#### [PROBLEM DETAILS]
Transcribe exactly, leaving out pictures, the lines from the one that holds "CERRADURA PUERTA DELANTERA" through the end of the data below, including both end lines and no others.

#### MATERIAL FOR THIS TASK ####

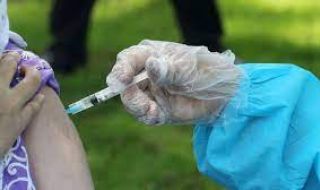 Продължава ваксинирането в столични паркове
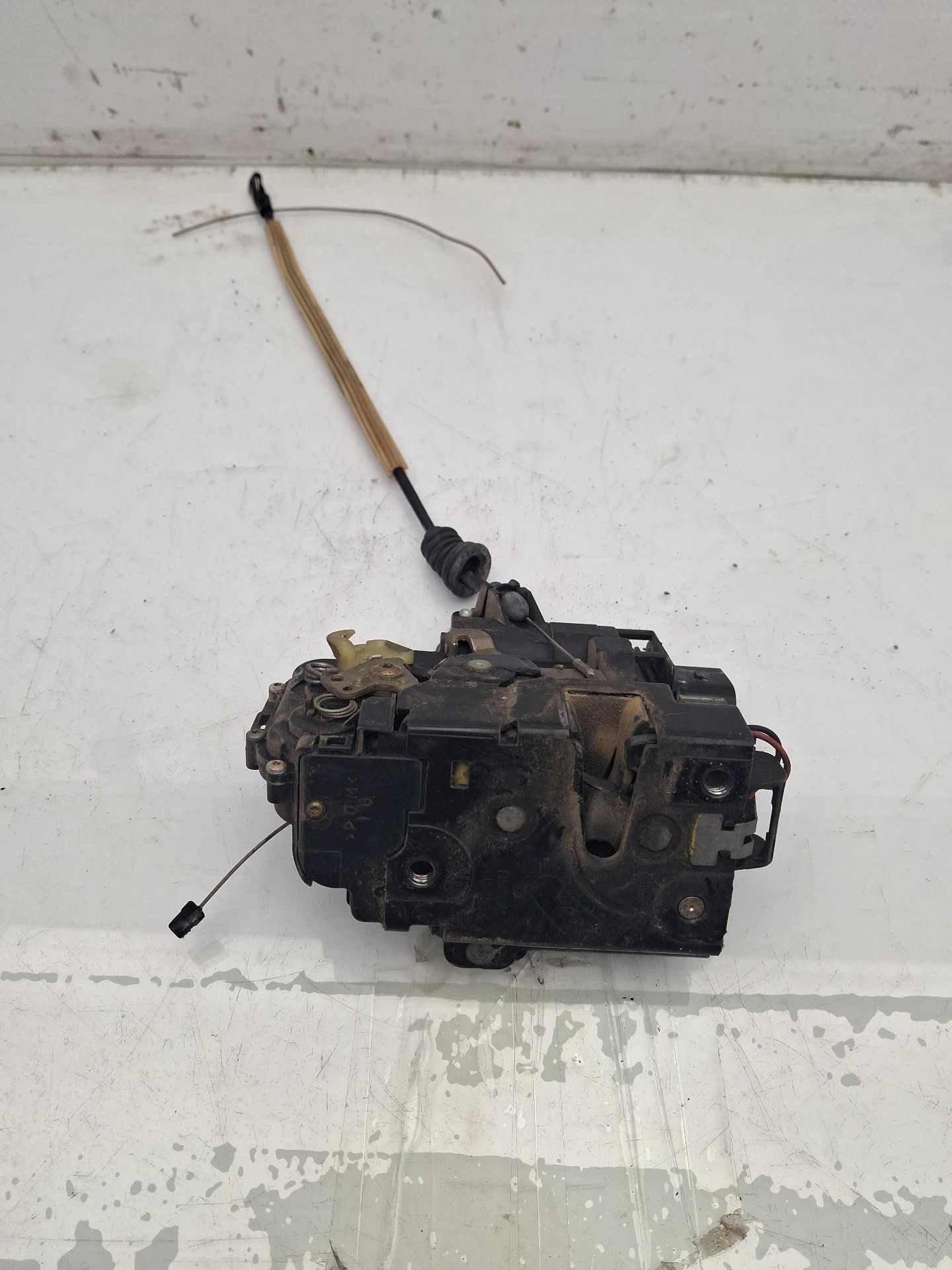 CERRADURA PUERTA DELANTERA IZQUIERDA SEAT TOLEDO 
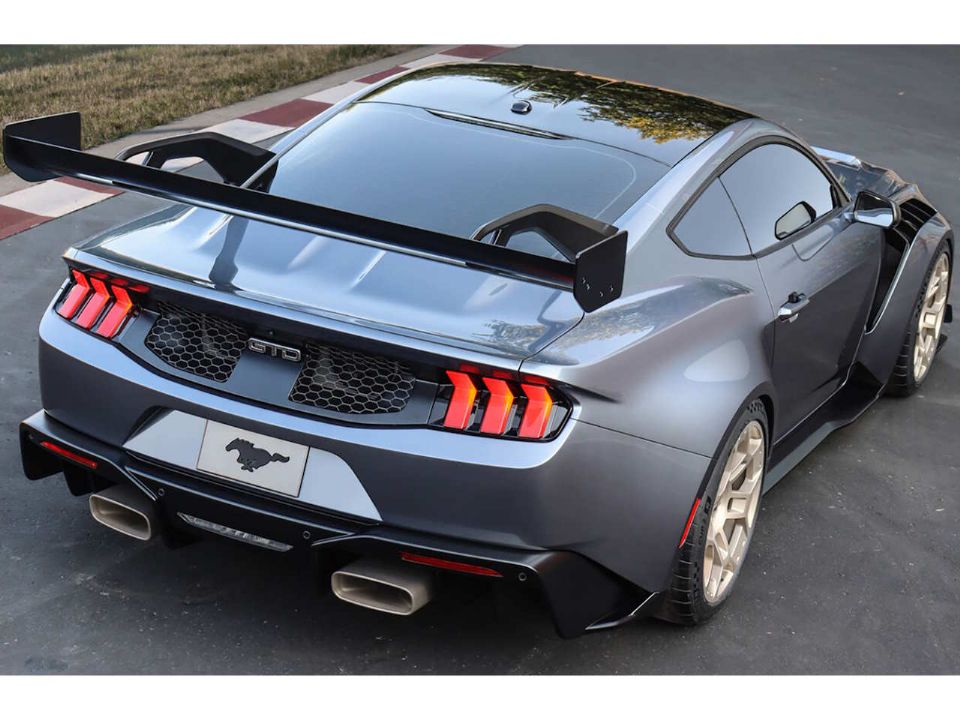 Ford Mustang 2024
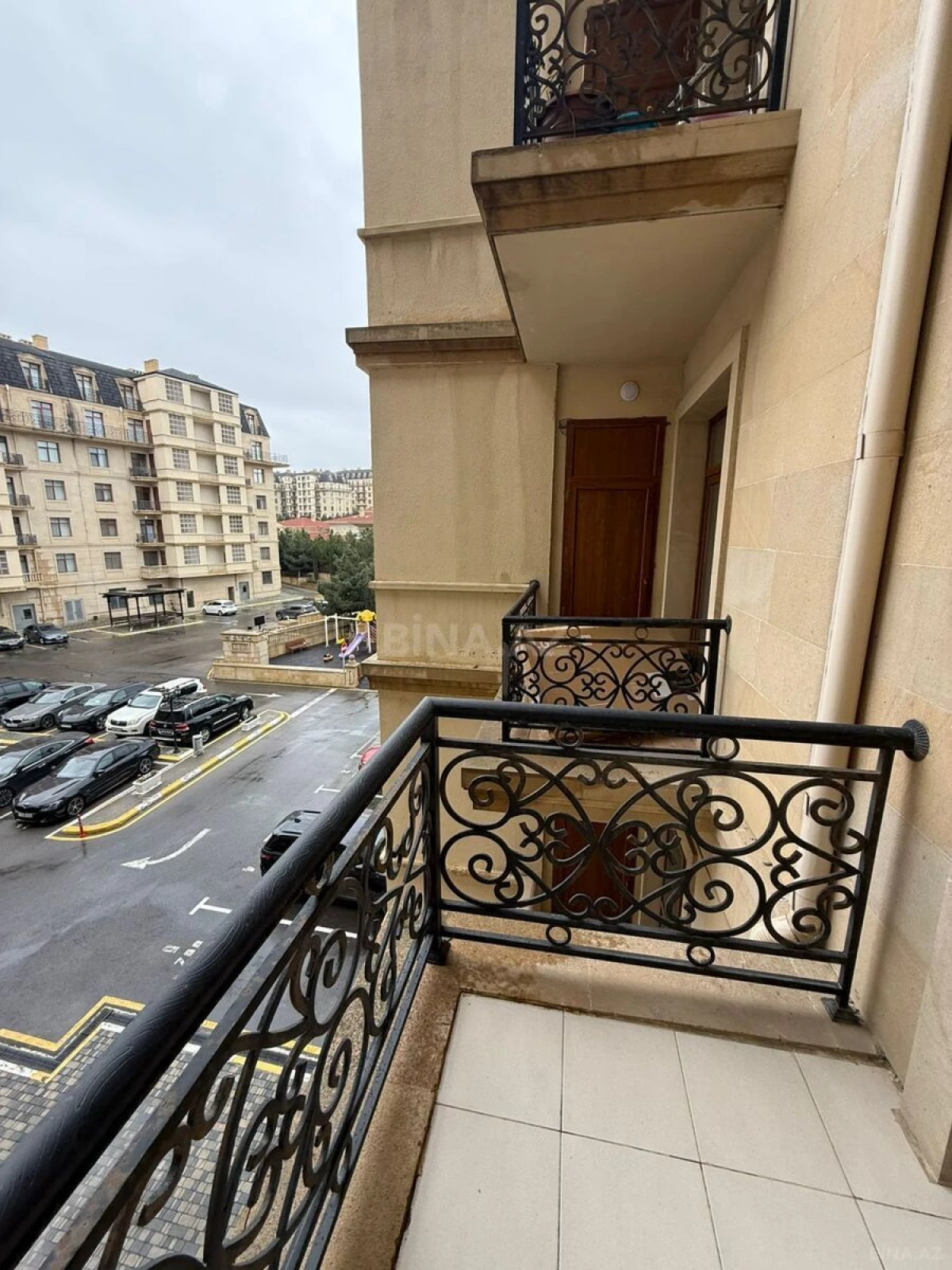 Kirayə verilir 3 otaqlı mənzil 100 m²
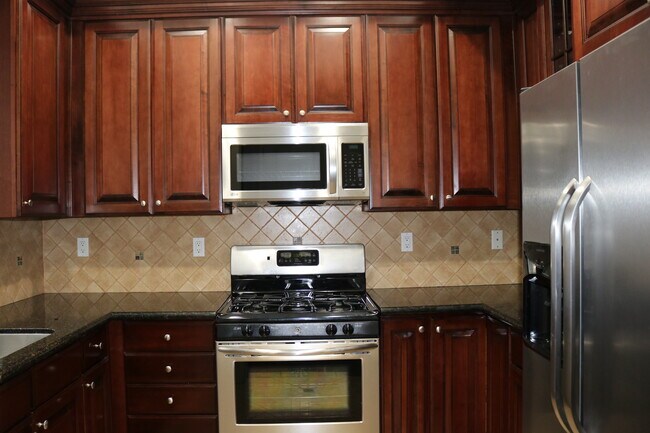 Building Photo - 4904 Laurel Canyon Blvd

####

#### [EXPECTED OUTPUT]
 CERRADURA PUERTA DELANTERA IZQUIERDA SEAT TOLEDO 
 Ford Mustang 2024
 Kirayə verilir 3 otaqlı mənzil 100 m²
 Building Photo - 4904 Laurel Canyon Blvd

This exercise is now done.